Наташа посмотрела на полковника и поняла всё без слов. Она провела гостя в гостиную и принесла солидную пачку листов рукописи. Полковник сел на диван, взял рукопись и растворился в сюжетах непонятной, страшной, но очень интересной и привлекательной страны.
* * *Лейтенант Малышев, только что закончив милицейское училище, был направлен на службу в районное отделение милиции. Работа оперативника всегда привлекала молодого человека. Как любому мальчишке, ему нравились погони, засады и перестрелки. С детских лет всех окружающих он делил на «своих» и «чужих». Поэтому придя в отделение, лейтенант был морально готов встать грудью на защиту «своих» от подлых и коварных происков «чужих». Однако перестройка перепутала всё, что было впитано лейтенантом с молоком матери: спекулянты и мошенники теперь назывались предприниматели и бизнесменами, клевета закрывалась щитом с названием «свобода слова», патриотизм и любовь Родины всё чаще и чаще отступали под натиском противника и изгонялись из литературы и искусства. Особенно всё перепуталось в органах власти. Милицию, как опору этой власти не миновала участь государственных структур к которым прикасалась жестокая и циничная рука реформаторов.

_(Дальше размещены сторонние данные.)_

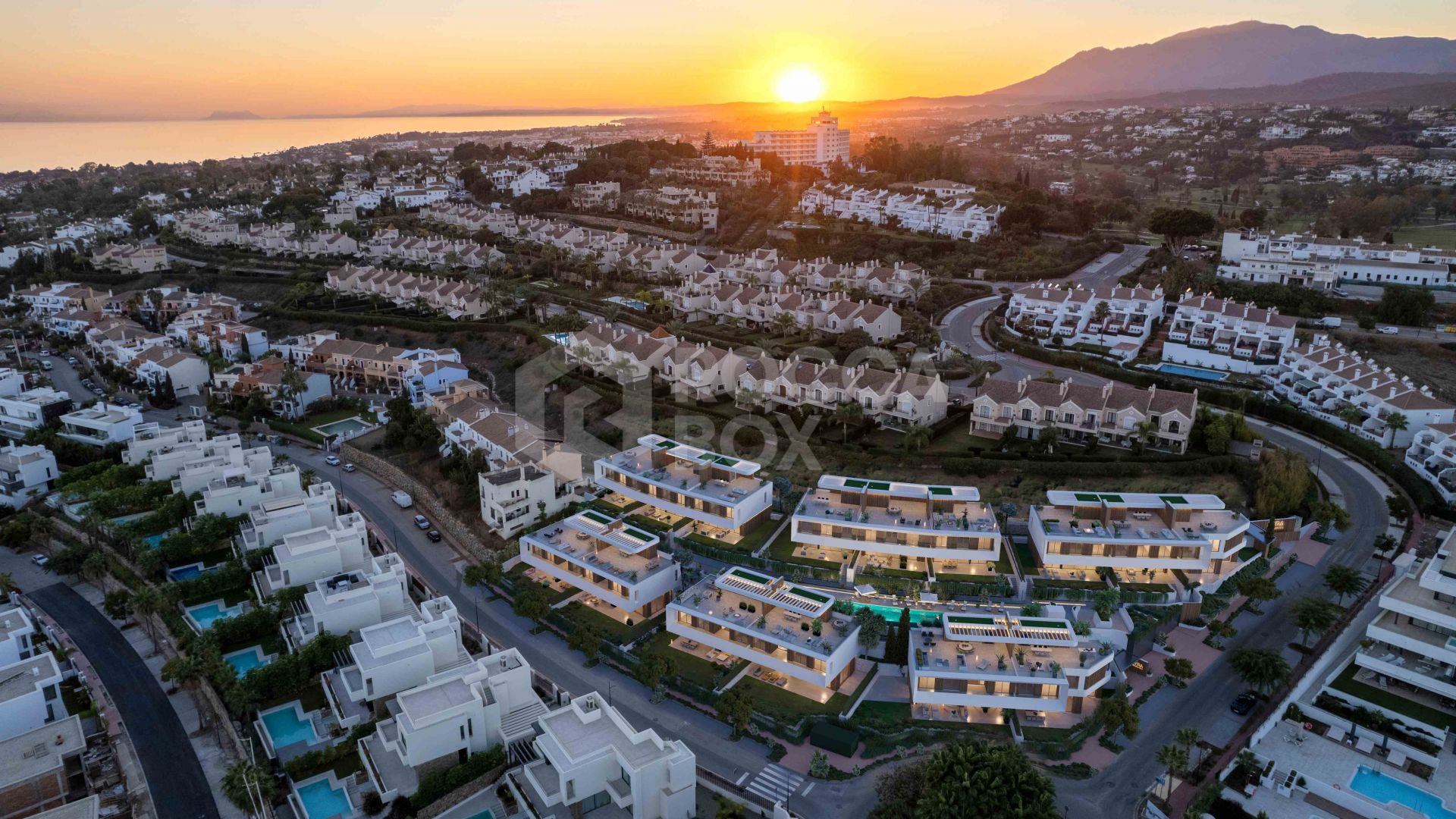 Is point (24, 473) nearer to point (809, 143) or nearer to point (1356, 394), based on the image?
point (1356, 394)

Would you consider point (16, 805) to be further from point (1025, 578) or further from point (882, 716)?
point (1025, 578)

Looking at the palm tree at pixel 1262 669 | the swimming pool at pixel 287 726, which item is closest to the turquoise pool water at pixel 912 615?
the palm tree at pixel 1262 669

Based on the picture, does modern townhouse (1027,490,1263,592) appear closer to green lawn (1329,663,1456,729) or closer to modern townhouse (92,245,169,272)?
green lawn (1329,663,1456,729)

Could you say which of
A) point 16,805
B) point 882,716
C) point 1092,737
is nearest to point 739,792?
point 882,716

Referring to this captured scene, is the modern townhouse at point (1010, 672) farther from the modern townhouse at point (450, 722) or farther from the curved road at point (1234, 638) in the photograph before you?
the modern townhouse at point (450, 722)

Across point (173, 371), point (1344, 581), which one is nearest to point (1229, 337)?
point (1344, 581)

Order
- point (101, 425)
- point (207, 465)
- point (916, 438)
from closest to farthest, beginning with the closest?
point (207, 465), point (916, 438), point (101, 425) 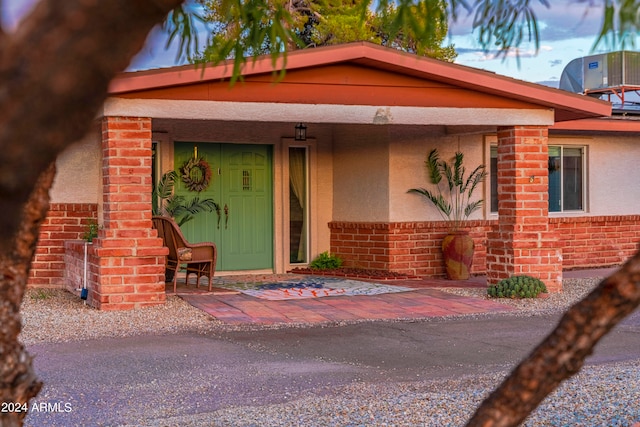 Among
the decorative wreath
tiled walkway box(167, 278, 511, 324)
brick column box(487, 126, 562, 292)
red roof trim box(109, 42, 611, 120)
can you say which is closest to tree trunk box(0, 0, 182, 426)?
red roof trim box(109, 42, 611, 120)

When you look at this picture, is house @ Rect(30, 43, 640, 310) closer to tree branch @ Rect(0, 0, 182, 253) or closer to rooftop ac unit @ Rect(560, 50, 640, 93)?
rooftop ac unit @ Rect(560, 50, 640, 93)

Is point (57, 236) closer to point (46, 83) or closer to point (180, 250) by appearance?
point (180, 250)

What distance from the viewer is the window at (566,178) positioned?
1512 centimetres

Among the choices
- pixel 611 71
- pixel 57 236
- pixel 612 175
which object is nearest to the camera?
pixel 57 236

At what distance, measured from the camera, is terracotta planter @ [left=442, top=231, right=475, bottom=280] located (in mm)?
13336

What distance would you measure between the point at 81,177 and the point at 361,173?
4.54 m

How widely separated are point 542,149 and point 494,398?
956cm

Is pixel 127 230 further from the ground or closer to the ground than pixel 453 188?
closer to the ground


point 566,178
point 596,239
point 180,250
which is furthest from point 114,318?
point 596,239

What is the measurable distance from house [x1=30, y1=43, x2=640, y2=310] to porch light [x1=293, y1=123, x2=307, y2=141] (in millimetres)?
222

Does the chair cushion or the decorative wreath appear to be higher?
the decorative wreath

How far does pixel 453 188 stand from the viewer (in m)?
14.0

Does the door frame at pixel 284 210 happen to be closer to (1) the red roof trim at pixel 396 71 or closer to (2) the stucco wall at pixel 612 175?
(1) the red roof trim at pixel 396 71

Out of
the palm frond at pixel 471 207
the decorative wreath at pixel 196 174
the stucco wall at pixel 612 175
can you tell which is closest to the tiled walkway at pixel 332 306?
the decorative wreath at pixel 196 174
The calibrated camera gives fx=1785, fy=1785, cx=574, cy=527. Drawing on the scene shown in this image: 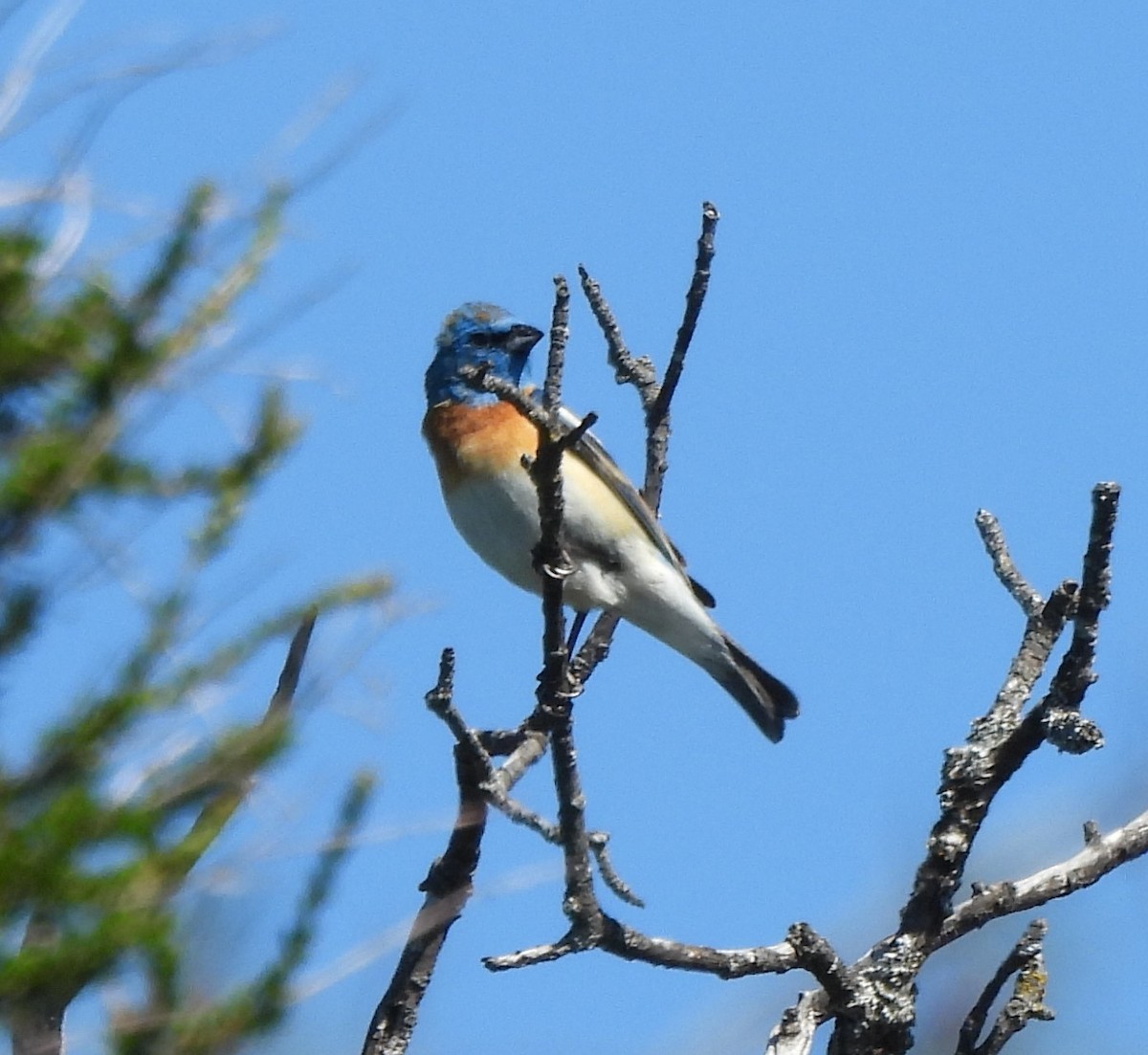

Милиционеры не догадывались, что власть, возненавидев лозунг: «Народ и партия едины», первое, что сделала, это установила огромный забор между народом и властью. Милиционеры наивно полагали, что их отнесут к власти, но реформаторы решили по-другому. Зарплаты дошли до таких размеров, что на неё невозможно было прожить не только месяц, но и несколько дней.
Получив как-то зарплату, молодой оперативник разложил купюры на столе и не сводил с них глаз, думая, как же он будет жить на эти деньги.
— Проблемы? — услышал он возле себя голос старшего опера.
Малышев развёл руками и ничего не ответил.
— Гена, ты слышал что-нибудь о Козьме Пруткове?
— Нет, — растерянно ответил Малышев.
— А напрасно. Умный был мужик.
— А кем он был? — спросил Малышев.
— Если честно, то его вообще не было. Это литературный псевдоним нескольких писателей. Лично мне нравятся их афоризмы.
— Какие афоризмы?
— Ну, например: спасение утопающих, дело рук самих утопающих.
— Что ты этим хочешь сказать?
— Это не я хочу сказать, это Козьма Прутков хочет сказать.
Гена собрал со стола деньги, сунул их в карман и внимательно посмотрел на своего начальника.
— Крышевать надо, понял?
— Что? — не понял Гена.
— Иначе загнёшься.
— Да, но…
— И не только ты. Над нами начальники стоят, которые находятся точно в таком же положении, а у тех начальников тоже начальники и так далее.
От этих слов у молодого офицера на какое то время пропал дар речи. «Это что же получается, грабь награбленное»? — хотел он сказать собеседнику, но старшего опера уже не было. Капитан, который получил в кассе деньги и сунул их в карман, не пересчитывая, проходя мимо гены, усмехнулся.
— Что молодой, мало? Так нас с тобой эта власть ценит. Впрочем, если не нравится, можешь идти к бандитам, они к своим кадрам лучше относятся.
— К кому, кому? — переспросил Гена.
— Я хотел сказать в частные охранные предприятия, — поправился капитан, — впрочем, это одно и тоже.
Шок не может продолжаться вечно. Как известно, человек привыкает ко всему. Были, правда, те, кто привыкнуть не мог, но и у тех был выход — кладбище. Страна, собравшись с духом, шагнула в пропасть капитализма, и по образцу американских вестернов, стала убивать, жечь, насиловать и грабить. Вместо учреждений министерства внутренних дел «порядок» в стране стали обеспечивать многочисленные бандитские группировки, самой слабой и нерешительной из которых была группировка под названием «милиция».
Проведя как-то совещание, начальник Гены, отпустив всех, попросил его задержаться.
— Как у тебя дела? — спросил он и протянул свою руку.
Гена дал начальнику папку, которую он принёс на совещание, и которую так и не пришлось открыть.